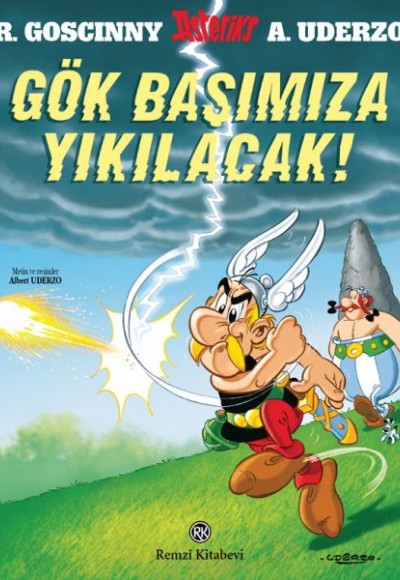 Asteriks Gök Başımıza Yıkılacak 33 Asteriks Gök Başımıza Yıkılacak 33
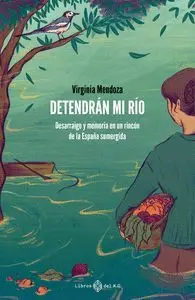 DETENDRÁN MI RÍO: DESARRAIGO Y MEMORIA EN UN RINCÓN DE LA ESPAÑA SUMERGIDA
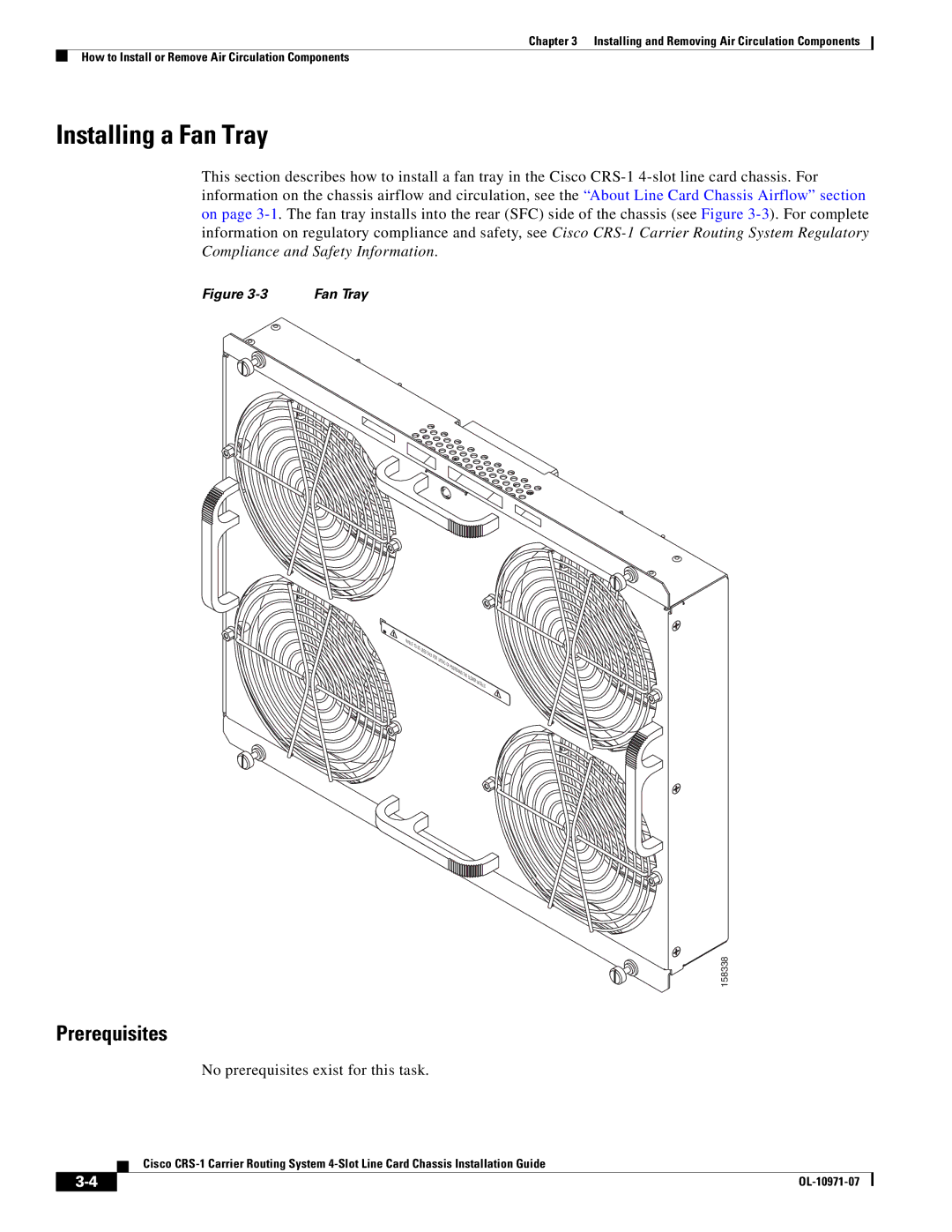 Cisco Systems Cisco CRS-1 manual Installing a Fan Tray, No prerequisites exist for this task 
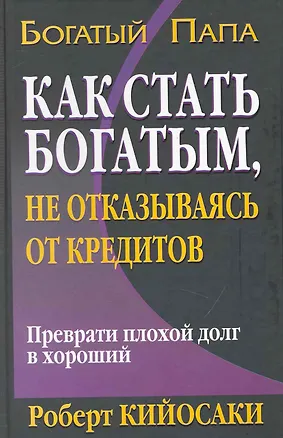 Книга Как стать богатым, не отказываясь от кредитов. 2-е издание (Роберт Т. Кийосаки)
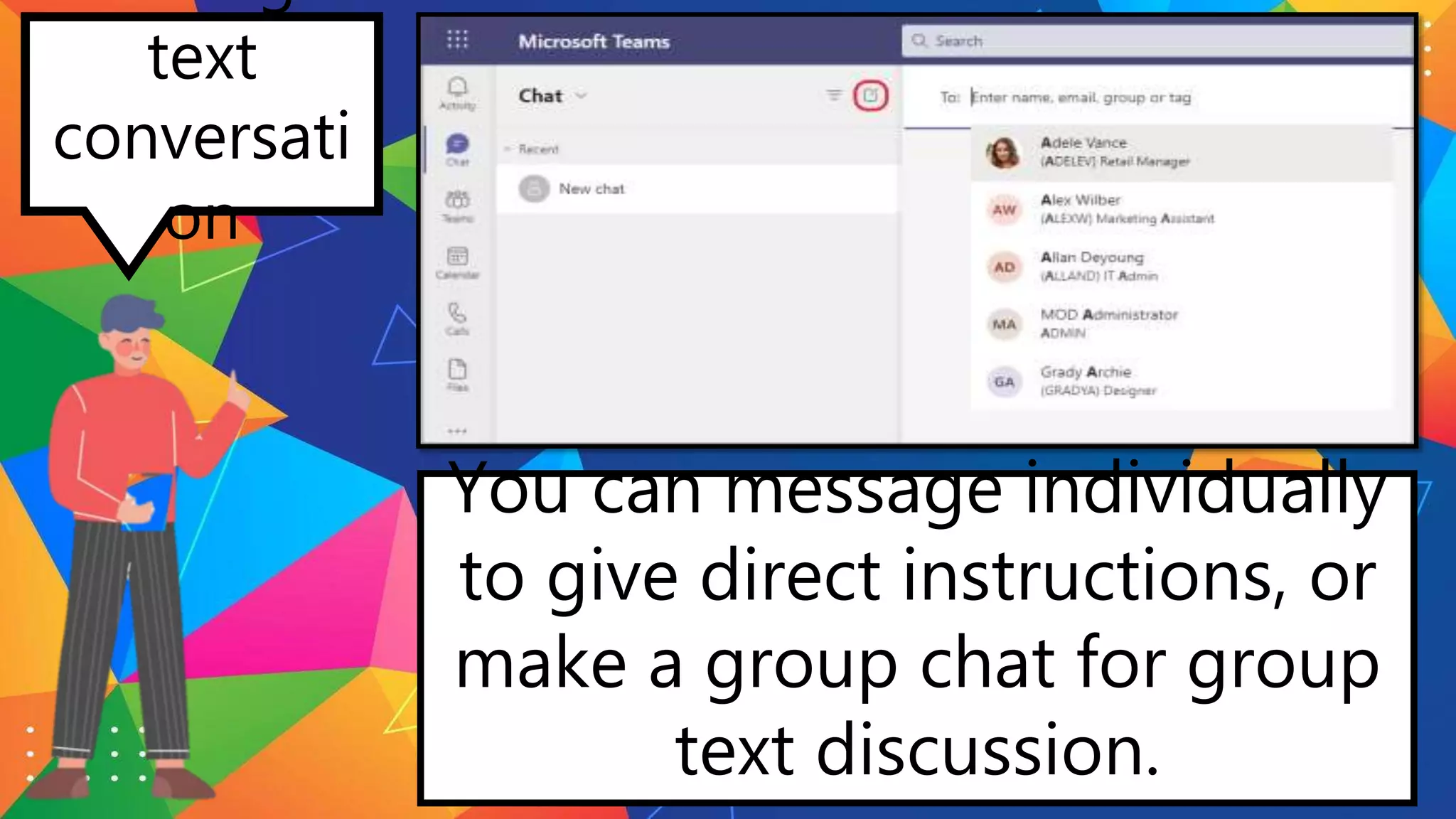 text
conversati
on
You can message individually
to give direct instructions, or
make a group chat for group
text discussion.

•••••

HOW TO COMPLETE THIS TASK → Copy out the data above exactly, except the pictures.

TASK SOLUTION →
 Asteriks Gök Başımıza Yıkılacak 33 Asteriks Gök Başımıza Yıkılacak 33
 DETENDRÁN MI RÍO: DESARRAIGO Y MEMORIA EN UN RINCÓN DE LA ESPAÑA SUMERGIDA
 Cisco Systems Cisco CRS-1 manual Installing a Fan Tray, No prerequisites exist for this task 
 Книга Как стать богатым, не отказываясь от кредитов. 2-е издание (Роберт Т. Кийосаки)
 text
conversati
on
You can message individually
to give direct instructions, or
make a group chat for group
text discussion.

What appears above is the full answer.